Speed was uncertain what to make of Lincoln’s reverie, and so he said half-flippantly: “I am glad to see you so profitably engaged.” There was nothing at all flippant in Lincoln’s reply. “Yes,” he told his old friend. “I am profitably engaged.”
“Well,” said Speed, “if you have recovered from your skepticism, I am sorry to say that I have not.” Lincoln’s response was resolute. “Looking me earnestly in the face, and placing his hand on my shoulder, he said, ‘You are wrong, Speed. Take all of this book upon reason that you can, and the balance on faith, and you will live and die a happier and better man.”
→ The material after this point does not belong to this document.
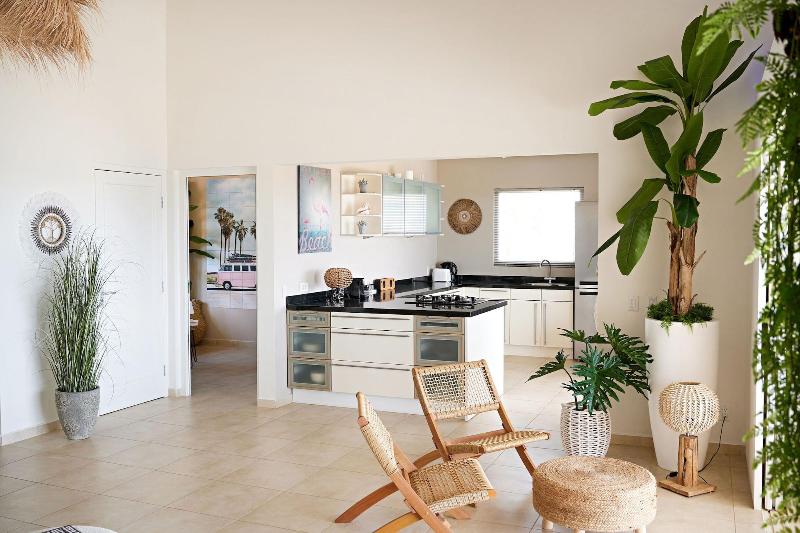 Coral Estate Rentals image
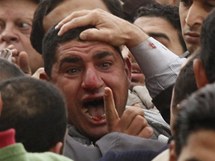 Odprci egyptskho prezidenta Husnho Mubaraka zadreli mue podezelho ze spoluprce s reimem (3. nora 2011)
Great story about Lincoln.
Speaking which, I just acquired an affordable version of Burlingame’s Lincoln in hardcover. Your thoughts?
So far, I like the rich amount of data, but he leans harder on psychology than I generally prefer, even of some of the insights are helpful.
I read both his volumes. It was exhaustive and I appreciated his scholarship, but it didn’t give me a sense of the man as Sandburg did for example. I will give him credit for uncovering factoids about Lincoln that were new to me. Lincoln is a hard man to see just from the cold record. He almost never wrote or spoke about himself and there are parts of his life, his relationship with Ann Rutledge for example, that are still mysterious. Where historians fail, time to call on poets:
Lincoln, six feet one in his stocking feet,
The lank man, knotty and tough as a hickory rail,
Whose hands were always too big for white-kid gloves,
Whose wit was a coonskin sack of dry, tall tales,
Whose weathered face was homely as a plowed field–
Abraham Lincoln, who padded up and down
The sacred White House in nightshirt and carpet-slippers,
And yet could strike young hero-worshipping Hay
As dignified past any neat, balanced, fine
Plutarchan sentences carved in a Latin bronze;
The low clown out of the prairies, the ape-buffoon,
The small-town lawyer, the crude small-time politician,
State-character but comparative failure at forty
In spite of ambition enough for twenty Caesars,
Honesty rare as a man without self-pity,
Kindness as large and plain as a prairie wind,
And a self-confidence like an iron bar:
This Lincoln, President now by the grace of luck,
Disunion, politics, Douglas and a few speeches
Which make the monumental booming of Webster
Sound empty as the belly of a burst drum,
Lincoln shambled in to the Cabinet meeting
And sat, ungainly and awkward. Seated so
He did not seem so tall nor quite so strange
Though he was strange enough. His new broadcloth suit
Felt tight and formal across his big shoulders still
And his new shiny top-hat was not yet battered
To the bulging shape of the old familiar hat
He’d worn at Springfield, stuffed with its hoard of papers.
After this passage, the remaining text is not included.